Seit geraumer Zeit tendieren einige Analysten dazu, den Silberpreis im Jahr 2014 mit etwa $ 21,- je Unze zu prognostizieren. Das andere Lager der Marktbeobachter hat jedoch Hoffnung auf eindeutig höhere Notierungen des Metalls und einen wieder anziehenden Silbermarkt. Silverinvestingnews.com hat die vier bedeutendsten Argumente für einen steigenden Markt zusammengetragen und sie wie folgt dargelegt.

1.) Produktionskosten: Tony Davis, Eigner von Atlanta Gold und Münzkäufer, hat in einem Artikel, veröffentlicht durch „The Paramount Post“, berichtet, dass die durchschnittlichen Gesamtkosten der Silberproduzenten im 3. Quartal 2013 bei $ 21,39 je Unze lagen. Tagesaktuell (15.01.2014) lag der Kurs bei $ 20,16. Davis ist der Meinung dass der aktuelle Preis höchstwahrscheinlich nicht lange unter den Produktionskosten liegen bleiben würde, denn dies würde zu Minenschließungen, zu Angebotsverknappung und somit erst recht wieder zu steigenden Kursen führen.

2.) US-Wirtschaft: Nach vielen Spekulationen über den Zeitpunkt der Rücknahme des Anleihen-Kauf-Programmes der Fed und über die Höhe der Rücknahme wurden schließlich nur $ 10 Mrd. weniger Ausgaben für 2014 daraus, also immer noch $ 75 Mrd., und das jeden Monat. Dies, so führte Davis weiter aus, bedeutet für den amerikanischen Dollar eine fortgesetzte Schwächung. Dies liesse China und andere Länder verstärkt in „Währungsswaps“ als Absicherung gegen einen fallenden Dollar eintreten, was wiederum gut für Silber, und natürlich auch gut für Gold, wäre.
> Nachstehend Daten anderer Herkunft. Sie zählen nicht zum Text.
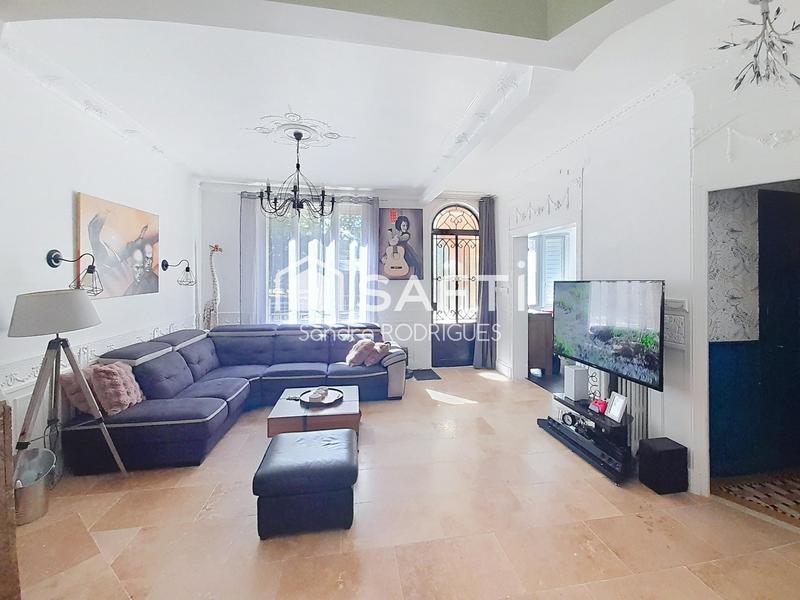 Maison - 160 m² - 8 pièces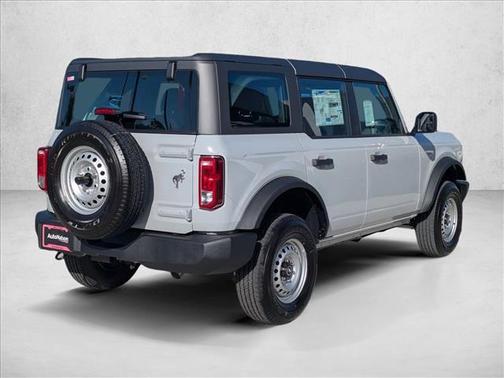 Avalanche Gray 2026 Ford Bronco Base 4 Door 4x4
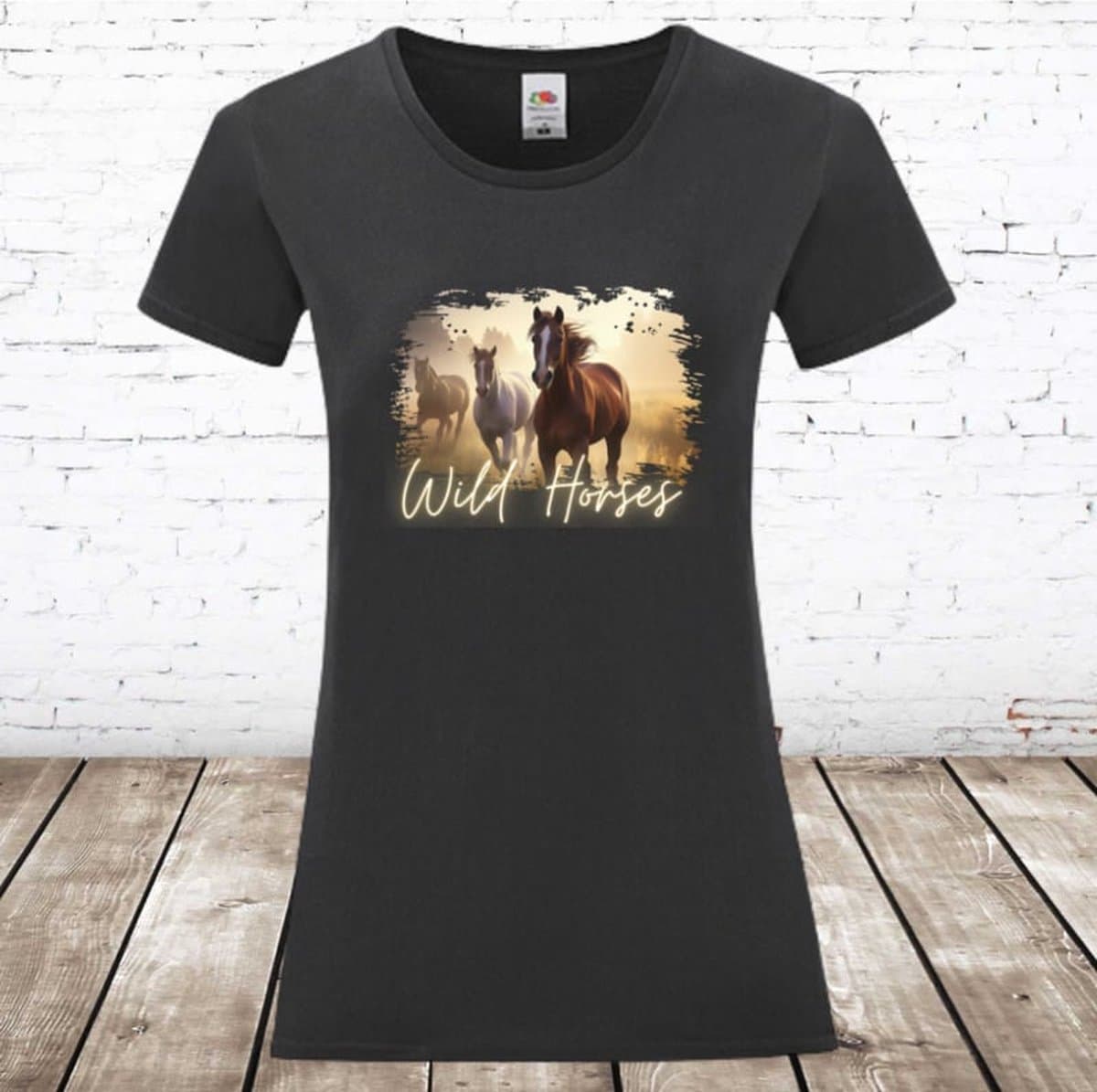 Dames T-shirt Wild horses zwart - L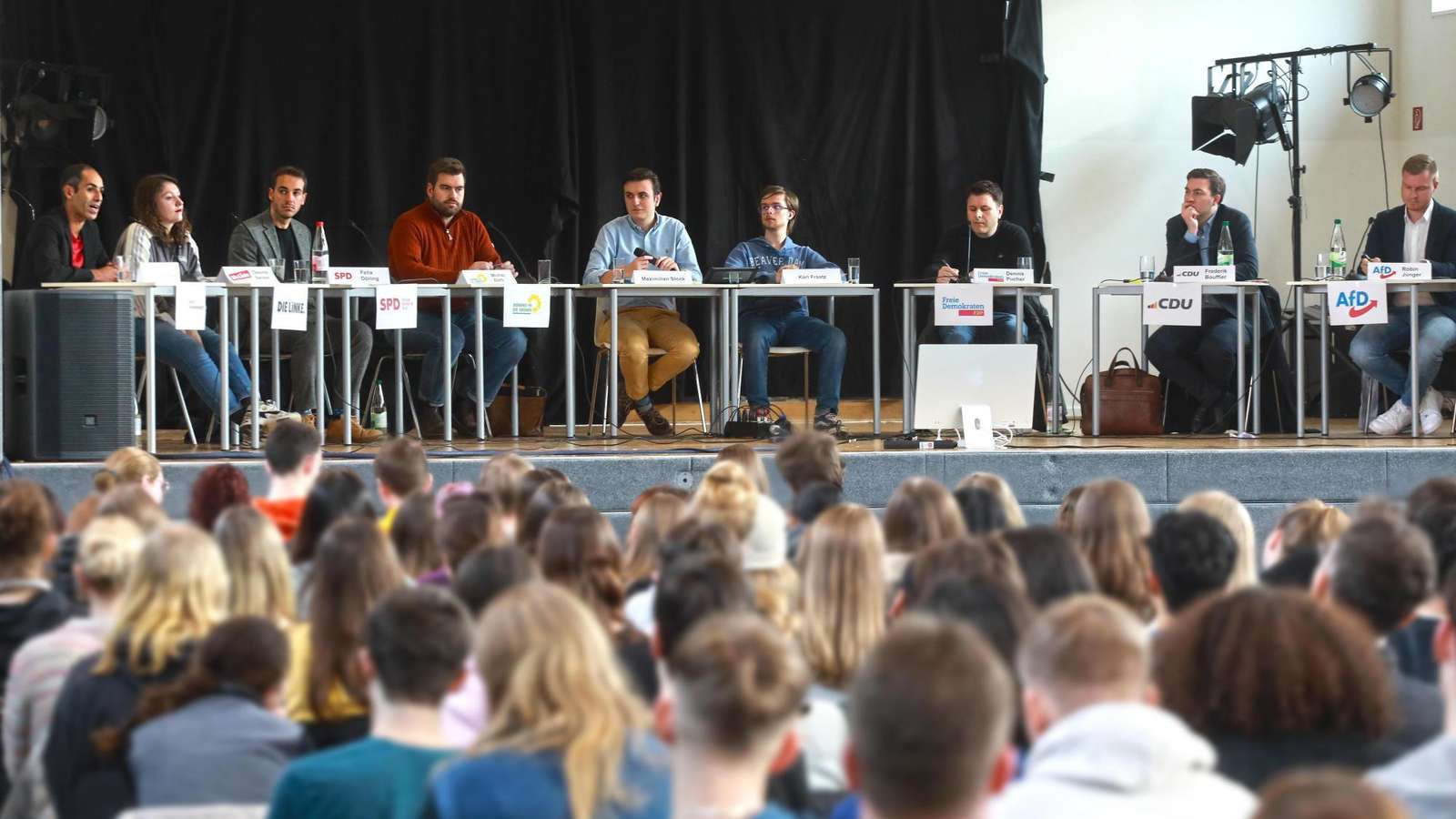 36984931 oli llgkandidatenpodium 4c 2YMH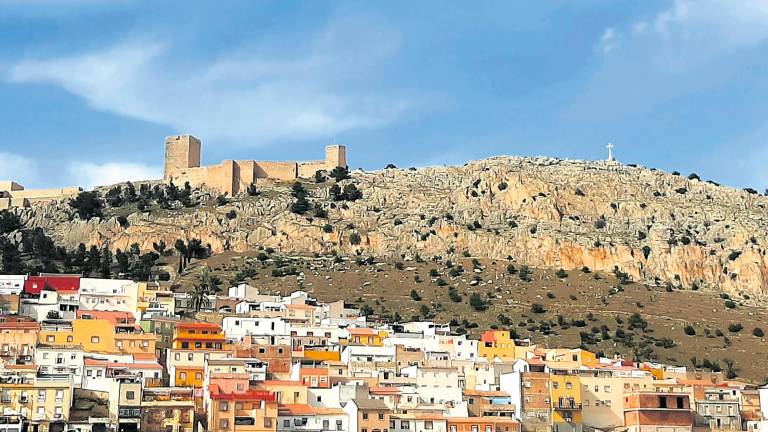 Dos barrios jiennenses que están en situación opuesta Dos barrios jiennenses que están en situación opuesta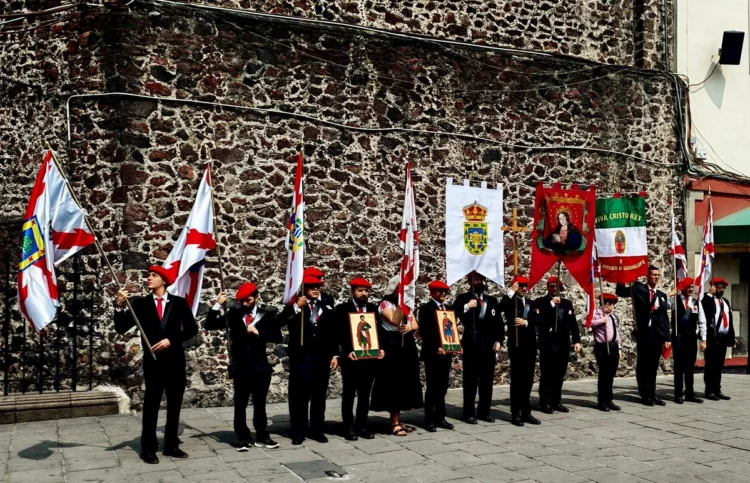 Grupo de ultraderecha que proclama sumisión a la conquista española se reúne en Cdmx pese a cancelación previa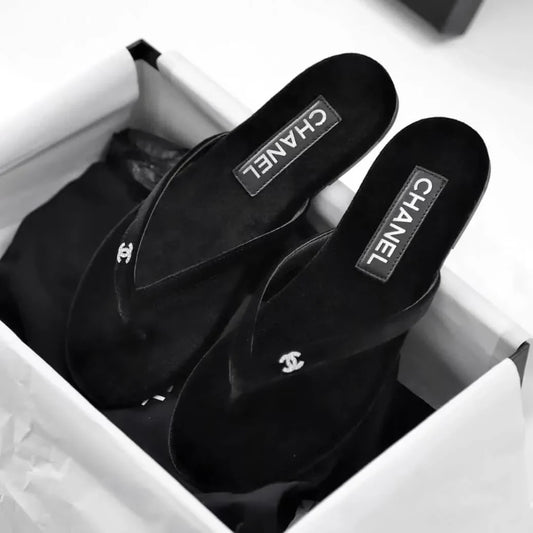 Casual Slim-Strap Velvet Flip-Flops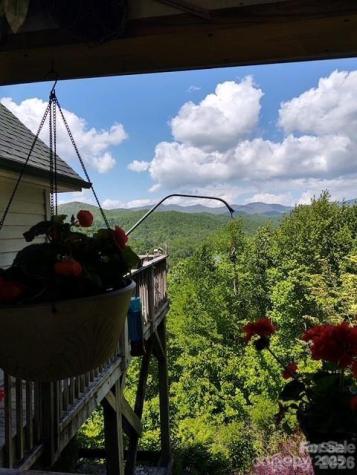 612 Old Home Place Road Tuckasegee NC 28783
In einem anderen Artikel, veröffentlicht im „Daily Gains Letter“, spricht sich John Whitefoot ebenfalls für einen steigenden Silberpreis aus. Er begründet dies mit der Behauptung, dass die Rücknahme des Anleihekaufprogrammes in einer sich erholenden Wirtschaft begründet liegt. Diese aufstrebende Wirtschaft würde wieder mehr Silber in der Industrie benötigen, was zwangsläufig zu höheren Notierungen führen würde. Wenn dies eintritt, so würde Silber auch wieder stärker als „sicherer Hafen“ akzeptiert werden.
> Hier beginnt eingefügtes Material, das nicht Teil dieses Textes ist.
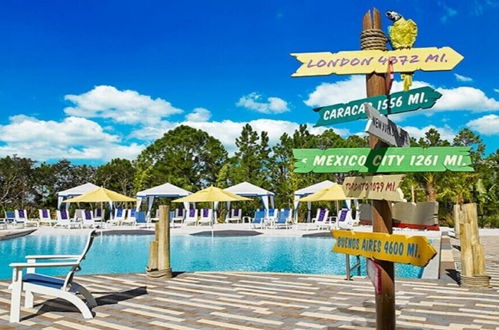 Foto 19 - Festival Resort Private Splash Pool Near Disney! 5 Bedroom Townhouse by RedAwning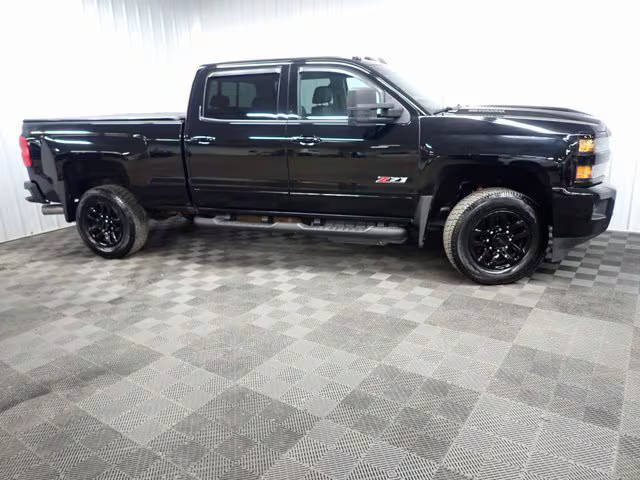 2019 Chevrolet Silverado 2500HD LTZ 4WD photo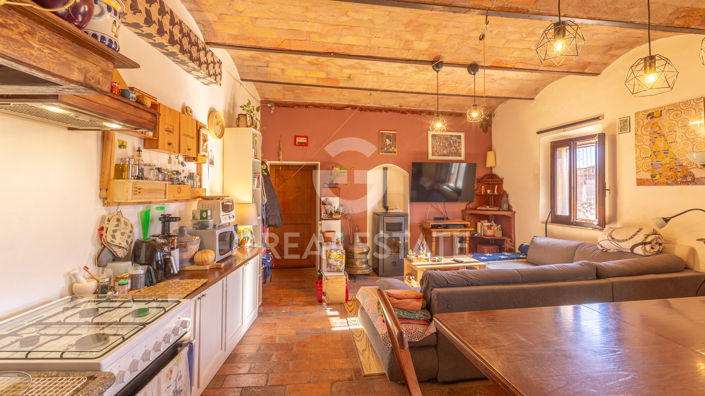 Image No.28-3 Bed Property for sale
3.) Überverkaufte Märkte: Betrachtet man Silber aus der technischen Kursecke, so ist lt. dem Analysten Peter Zihlman das weisse Metall aktuell in einer extrem überverkauften Position. Viel stärker noch als in den Jahren 2008 und 2001. Solch extreme Situationen seien in der Geschichte, so Zihlman, stets durch kräftige Aufwärtsbewegungen aufgelöst worden. Somit wäre seiner Meinung nach auch jetzt der richtige Zeitpunkt, sich verstärkt bei Silber zu positionieren. John Whitefoot meint an anderer Stelle, dass die Aktienmärkte nach ihren fantastischen Gewinnen im Jahr 2013 förmlich nach einer Korrektur schreien, und diese werde mit Sicherheit kommen. In diesem Fall würden viele wieder die unterbewerteten Edelmetalle bevorzugen, was wiederum zu steigenden Notierungen führen würde.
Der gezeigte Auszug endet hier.